Right after I got back from the Everglades, I made a weekend trip to South Texas.  I had great numbers of snakes, but most of the nonvenomous stuff was DOR.  I did see an indigo, but couldn't run it down for pics.  

First snake of the trip was this large atrox.












Then this rather cute Night Snake (Hypsiglena torquata).  I had never gotten to photograph one before.  






Checkered Garter (Thamnophis marcianus).  












Right after the garter I found two DOR spendida within minutes.  I was so sad.  I think the car in front of me had to have swerved to hit both.  






The following are just some shots I got of various atrox I found.  I found 11 total AOR, and 3 DOR.  




































This big girl is the largest atrox I have ever found.  I couldn't lift her on my hook.  She was incredible, but hard to photograph, because all she wanted to do was take off.
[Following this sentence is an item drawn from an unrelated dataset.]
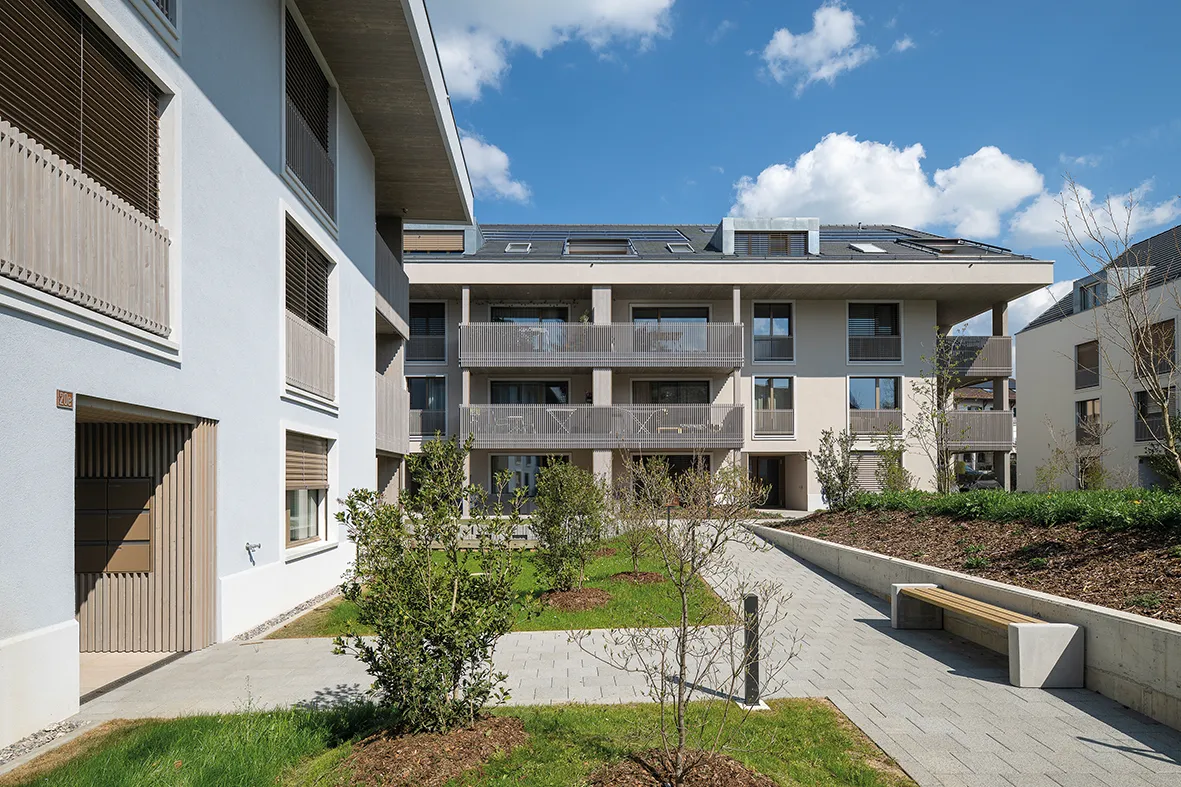 Photo Gallery La Myonaz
I finally got so bored taking pics of atrox, that I started messing around with the settings on my camera, and got this picture which I rather like.






Snake food.






Two inverts from the trip.  The butterfly was my concession prize after I couldn't catch the Indigo.


----------



## Protectyaaaneck (May 10, 2011)

Awesome photos Sky!


----------



## desertanimal (May 10, 2011)

Beautiful shots!


----------



## Texas Blonde (May 10, 2011)

Thanks y'all!  I am starting to get the hang of my new camera.  Now I just need some additional lenses.  I'm getting there, haha.


----------



## Galapoheros (May 10, 2011)

The male T kind of looks like a male A. moderatum(?), hard to tell with the pic angle though.


----------



## EricW (May 11, 2011)

nice pics, really diggin all those atrox and night snake, pretty cool. What part of south Texas?


----------



## Texas Blonde (May 15, 2011)

Galapoheros said:


> The male T kind of looks like a male A. moderatum(?), hard to tell with the pic angle though.


That is kind of what I was thinking.





EricW said:


> nice pics, really diggin all those atrox and night snake, pretty cool. What part of south Texas?


I was in the Hebbronville area.


----------



## Ehhpic (May 23, 2011)

Fantastic stuff!!!


----------